3 Behavioral Techniques For Parents: Reinforcement, Punishment And Extinction

3 behavioral techniques for parents: Reinforcement, punishment and extinction

Outbursts of anger, crying, screaming, biting, beating… When it comes to parenting, we sometimes do not quite know how to stop inappropriate behavior. But behavioral techniques can help us control these and other behaviors.

They will also help us to encourage what we consider to be appropriate behavior. As you can imagine, it will require some effort on our part, but once you get started, we will see remarkable results… Read on for useful behavioral techniques you can use with your kids!

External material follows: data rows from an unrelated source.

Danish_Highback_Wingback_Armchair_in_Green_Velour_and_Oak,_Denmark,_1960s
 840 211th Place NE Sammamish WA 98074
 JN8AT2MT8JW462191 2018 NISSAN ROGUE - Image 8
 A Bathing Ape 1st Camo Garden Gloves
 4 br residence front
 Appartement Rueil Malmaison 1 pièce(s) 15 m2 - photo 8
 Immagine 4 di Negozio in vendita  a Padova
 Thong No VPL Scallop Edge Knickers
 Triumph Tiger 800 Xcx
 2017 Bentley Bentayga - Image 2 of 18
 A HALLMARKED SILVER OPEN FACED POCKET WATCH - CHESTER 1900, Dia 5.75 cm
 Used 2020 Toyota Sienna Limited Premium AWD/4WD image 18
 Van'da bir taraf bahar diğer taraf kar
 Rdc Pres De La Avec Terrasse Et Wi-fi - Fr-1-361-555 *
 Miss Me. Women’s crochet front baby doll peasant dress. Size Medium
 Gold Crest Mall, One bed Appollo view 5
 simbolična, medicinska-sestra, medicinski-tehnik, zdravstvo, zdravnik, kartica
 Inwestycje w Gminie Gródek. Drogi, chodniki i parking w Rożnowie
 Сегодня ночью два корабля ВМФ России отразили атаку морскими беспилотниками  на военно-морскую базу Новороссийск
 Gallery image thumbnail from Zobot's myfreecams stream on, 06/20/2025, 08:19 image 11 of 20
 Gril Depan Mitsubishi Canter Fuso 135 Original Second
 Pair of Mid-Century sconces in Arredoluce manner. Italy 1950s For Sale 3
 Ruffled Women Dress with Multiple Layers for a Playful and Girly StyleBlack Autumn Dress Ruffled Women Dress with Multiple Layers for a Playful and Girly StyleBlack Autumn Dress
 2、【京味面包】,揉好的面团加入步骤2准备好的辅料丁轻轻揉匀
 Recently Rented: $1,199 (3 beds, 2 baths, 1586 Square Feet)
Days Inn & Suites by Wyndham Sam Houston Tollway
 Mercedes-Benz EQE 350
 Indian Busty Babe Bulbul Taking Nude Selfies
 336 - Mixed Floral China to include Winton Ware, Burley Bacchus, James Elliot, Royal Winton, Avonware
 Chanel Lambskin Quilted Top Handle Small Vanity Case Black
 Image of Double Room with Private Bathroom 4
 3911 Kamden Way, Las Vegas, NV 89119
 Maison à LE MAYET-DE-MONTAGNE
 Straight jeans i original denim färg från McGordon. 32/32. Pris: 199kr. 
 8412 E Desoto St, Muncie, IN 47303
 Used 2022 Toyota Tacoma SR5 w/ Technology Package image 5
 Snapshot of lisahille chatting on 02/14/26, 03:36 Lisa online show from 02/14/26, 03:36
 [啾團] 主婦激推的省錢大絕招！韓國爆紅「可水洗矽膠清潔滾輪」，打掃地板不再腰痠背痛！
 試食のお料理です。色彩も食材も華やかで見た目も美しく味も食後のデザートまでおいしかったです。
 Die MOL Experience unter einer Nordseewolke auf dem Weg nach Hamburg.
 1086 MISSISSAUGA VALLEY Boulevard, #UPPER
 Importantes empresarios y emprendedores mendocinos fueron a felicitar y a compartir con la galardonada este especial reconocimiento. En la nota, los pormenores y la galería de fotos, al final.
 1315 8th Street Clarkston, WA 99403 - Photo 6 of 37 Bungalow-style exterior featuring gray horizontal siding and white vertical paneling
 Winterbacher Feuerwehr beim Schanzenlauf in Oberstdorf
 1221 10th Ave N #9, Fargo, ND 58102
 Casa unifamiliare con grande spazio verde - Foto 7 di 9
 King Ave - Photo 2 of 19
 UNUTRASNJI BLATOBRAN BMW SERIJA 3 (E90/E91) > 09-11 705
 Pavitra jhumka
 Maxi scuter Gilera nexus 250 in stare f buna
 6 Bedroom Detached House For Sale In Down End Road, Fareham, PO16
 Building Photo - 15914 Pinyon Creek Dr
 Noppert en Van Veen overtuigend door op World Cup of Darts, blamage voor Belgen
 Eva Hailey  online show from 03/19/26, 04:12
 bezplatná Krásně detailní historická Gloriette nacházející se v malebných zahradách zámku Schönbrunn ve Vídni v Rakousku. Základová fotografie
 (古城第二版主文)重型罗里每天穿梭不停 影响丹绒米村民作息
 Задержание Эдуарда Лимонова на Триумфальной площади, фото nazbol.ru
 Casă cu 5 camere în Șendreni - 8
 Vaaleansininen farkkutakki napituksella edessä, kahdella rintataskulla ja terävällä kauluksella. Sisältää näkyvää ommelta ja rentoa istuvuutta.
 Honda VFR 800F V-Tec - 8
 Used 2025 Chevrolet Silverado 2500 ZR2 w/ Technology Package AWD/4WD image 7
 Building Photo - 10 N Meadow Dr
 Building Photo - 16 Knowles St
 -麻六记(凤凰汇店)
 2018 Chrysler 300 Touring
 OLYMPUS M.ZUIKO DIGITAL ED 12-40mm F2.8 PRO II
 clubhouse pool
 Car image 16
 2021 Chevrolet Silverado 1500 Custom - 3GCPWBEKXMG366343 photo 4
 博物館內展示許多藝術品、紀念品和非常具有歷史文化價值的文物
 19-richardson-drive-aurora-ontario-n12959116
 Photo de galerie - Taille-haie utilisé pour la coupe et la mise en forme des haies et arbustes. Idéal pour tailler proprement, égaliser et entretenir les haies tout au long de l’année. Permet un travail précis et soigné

Behavioral techniques for parents: reinforcement

The behavioral techniques that we will see are divided into three groups: reinforcement, punishment, and extinction. These can cause certain behaviors to increase, remain the same, decrease or disappear. An amplifier is what makes it likely that the child will continue with a certain behavior or do it more often.

The gain can be positive or negative. The first would be a stimulus that occurs immediately after the behavior we want to maintain or improve. For example: if we tell a child that they did well after cleaning up their toys, we can bet that they are more likely to do it again the next day.

On the other hand, there is also negative reinforcement. This would mean withdrawing something negative from the child when they did what we want them to do. Practically speaking, for a small child, it can be uncomfortable for the mother to be angry with him. However, if the mother becomes very angry when the child apologizes, she will encourage him to apologize several times when he notices that the mother is upset.

Mother reads to children

Behavioral techniques for parents: punishment

Just as reinforcement will help us encourage desirable behaviors, we can use disciplinary techniques to reduce other behaviors. These include punishment and extinction. These behavioral techniques must be used immediately after the actions we want to change.

The punishment can also be positive or negative. Positive punishment will mean presenting something unpleasant to the child after he or she does what we think is inappropriate. When someone in the family scolds the child after he has performed a rampage, they use the technique.

Negative punishment, on the other hand, would be to remove something that the child likes after they do something we want them to stop doing. An example is taking the child out of the toy for two minutes after hitting another child or causing a conflict.

A little boy sticks out his tongue.

Behavioral techniques for parents: extinction

Some parents have seen that reprimands do not really work to eliminate a certain behavior. In fact, the reverse can happen and encourage it. It’s ok, this happens sometimes. Why? Because reprimands can act as a positive reinforcement for the child.

But how? It turns out that this slightly angry way of talking may not work as a negative stimulus for the child, but rather an attractive one. To explain: the child may notice that they are now getting attention from their parents.

It turns out that social attention is one of the biggest positive reinforcements that exists, both for children and adults. Thus, the child sees that the more they behave in a certain way, the more attention they get from their parents. Here, extinction is what we must do.

Extinction consists in suppressing the reinforcement of a behavior that has previously been reinforced. That is, if the child makes a prank, we must pretend that nothing happened. To put it another way, we want to draw back attention, a positive reinforcement. This means that we continue to do what we did without saying anything. That way, the child will stop performing that behavior. Interesting, is not it? Try it!

Photos courtesy of Zivile & Arunas, Alexander Dummer and Hunter Johnson.